Integrating this approach with the Pomodoro and/or Getting Things Done principles, whenever I find myself repeating, er, myself, I’ll stop and add that sequence as appropriate, usually as a change to either my Emacs environment or my shell (Z shell) setup. It might be a bit of a distraction, diverting my attention for a minute or two, but the benefit is that I can begin using the new shortcut immediately. In fact, to enforce the new shortcut, if I accidentally use the equivalent long sequence, I’ll back up (such as deleting the just-typed characters) and use the new shortcut instead. This helps to erase the old muscle memory and enforce good, new habits.
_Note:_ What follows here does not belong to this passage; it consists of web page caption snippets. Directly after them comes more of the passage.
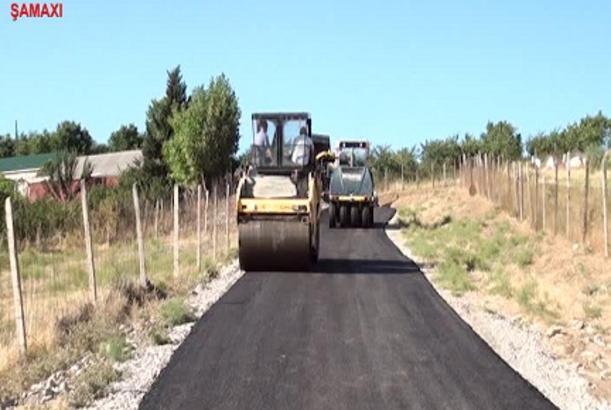 Şamaxının bərbad kənddaxili yolları təmir olunur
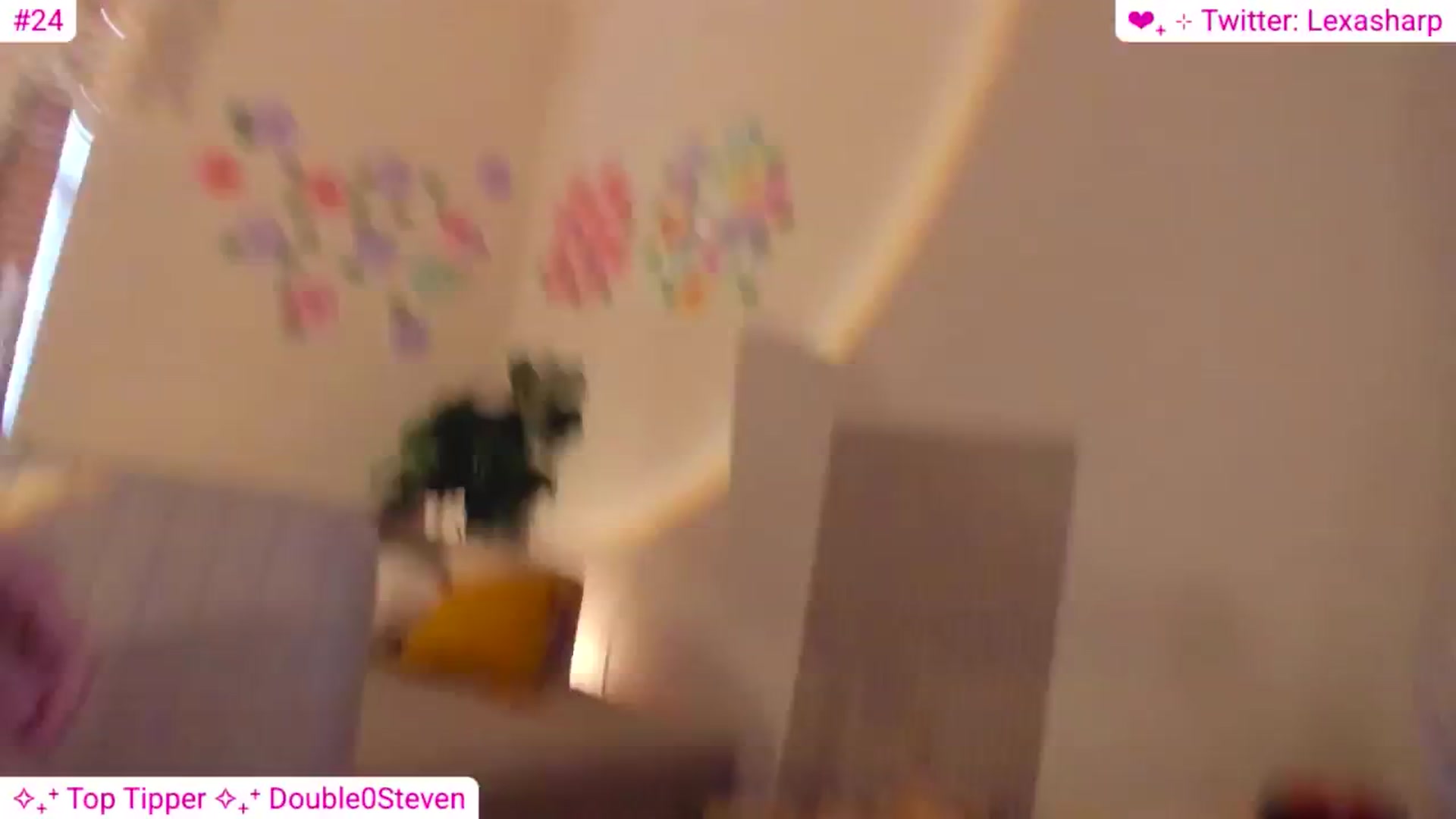 Gallery image thumbnail from alexasharp's myfreecams stream on, 04/22/2025, 21:19 image 19 of 20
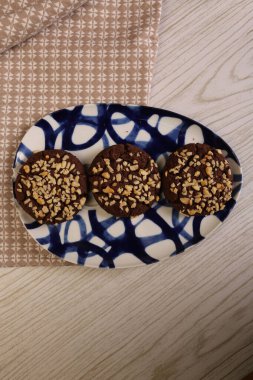 Koyu çikolata parçaları ile tanımlama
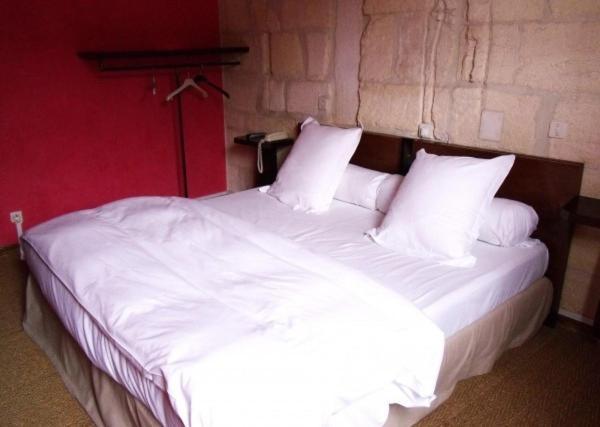 Hotel Saint Trophime Арль Екстер'єр фото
YASnippet is especially valuable in automatically generating the boilerplate so much required by programming languages, especially Java. Even Ruby has its own overhead, and I recently heard (I’m about eight months behind) on a Ruby Rogues podcast that essentially if a Ruby programmer is actually typing “end”, then their environment is not adequately customized. I’d add that the same would apply to curly braces in Java and other C-derived languages.
A rule of thumb I’ve read is to add one script per day, and I’d advise the same for one’s editor, whether it be Emacs or any other powerful editor that can be customized, as virtually of them can be now. PragProg now has a new Vim book, Practical Vim. I don’t know of an equivalent book for Emacs, but it seems that there would be a market for it.